Please print every record that follows, keeping each one exactly as it is.

--------

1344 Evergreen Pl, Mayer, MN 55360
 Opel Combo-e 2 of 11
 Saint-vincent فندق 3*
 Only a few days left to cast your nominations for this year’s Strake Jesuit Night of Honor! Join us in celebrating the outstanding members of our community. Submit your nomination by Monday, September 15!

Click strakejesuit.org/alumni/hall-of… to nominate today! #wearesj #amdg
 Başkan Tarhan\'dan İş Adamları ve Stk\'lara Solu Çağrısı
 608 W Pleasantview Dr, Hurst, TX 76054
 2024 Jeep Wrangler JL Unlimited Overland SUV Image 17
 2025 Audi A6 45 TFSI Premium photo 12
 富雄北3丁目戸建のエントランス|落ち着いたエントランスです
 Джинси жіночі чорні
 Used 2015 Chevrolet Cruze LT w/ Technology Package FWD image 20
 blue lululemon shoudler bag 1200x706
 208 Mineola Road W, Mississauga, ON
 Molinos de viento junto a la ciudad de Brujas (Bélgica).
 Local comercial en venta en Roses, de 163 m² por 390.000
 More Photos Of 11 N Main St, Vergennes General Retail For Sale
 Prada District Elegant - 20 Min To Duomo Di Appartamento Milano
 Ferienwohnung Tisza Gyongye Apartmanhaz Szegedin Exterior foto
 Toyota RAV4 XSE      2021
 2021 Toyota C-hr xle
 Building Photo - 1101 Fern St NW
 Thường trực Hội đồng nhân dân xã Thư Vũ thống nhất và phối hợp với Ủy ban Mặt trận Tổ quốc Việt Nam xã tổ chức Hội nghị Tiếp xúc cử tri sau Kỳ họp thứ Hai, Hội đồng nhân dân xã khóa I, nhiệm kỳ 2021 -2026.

--------

_Answer to the problem:_
1344 Evergreen Pl, Mayer, MN 55360
 Opel Combo-e 2 of 11
 Saint-vincent فندق 3*
 Only a few days left to cast your nominations for this year’s Strake Jesuit Night of Honor! Join us in celebrating the outstanding members of our community. Submit your nomination by Monday, September 15!

Click strakejesuit.org/alumni/hall-of… to nominate today! #wearesj #amdg
 Başkan Tarhan\'dan İş Adamları ve Stk\'lara Solu Çağrısı
 608 W Pleasantview Dr, Hurst, TX 76054
 2024 Jeep Wrangler JL Unlimited Overland SUV Image 17
 2025 Audi A6 45 TFSI Premium photo 12
 富雄北3丁目戸建のエントランス|落ち着いたエントランスです
 Джинси жіночі чорні
 Used 2015 Chevrolet Cruze LT w/ Technology Package FWD image 20
 blue lululemon shoudler bag 1200x706
 208 Mineola Road W, Mississauga, ON
 Molinos de viento junto a la ciudad de Brujas (Bélgica).
 Local comercial en venta en Roses, de 163 m² por 390.000
 More Photos Of 11 N Main St, Vergennes General Retail For Sale
 Prada District Elegant - 20 Min To Duomo Di Appartamento Milano
 Ferienwohnung Tisza Gyongye Apartmanhaz Szegedin Exterior foto
 Toyota RAV4 XSE      2021
 2021 Toyota C-hr xle
 Building Photo - 1101 Fern St NW
 Thường trực Hội đồng nhân dân xã Thư Vũ thống nhất và phối hợp với Ủy ban Mặt trận Tổ quốc Việt Nam xã tổ chức Hội nghị Tiếp xúc cử tri sau Kỳ họp thứ Hai, Hội đồng nhân dân xã khóa I, nhiệm kỳ 2021 -2026.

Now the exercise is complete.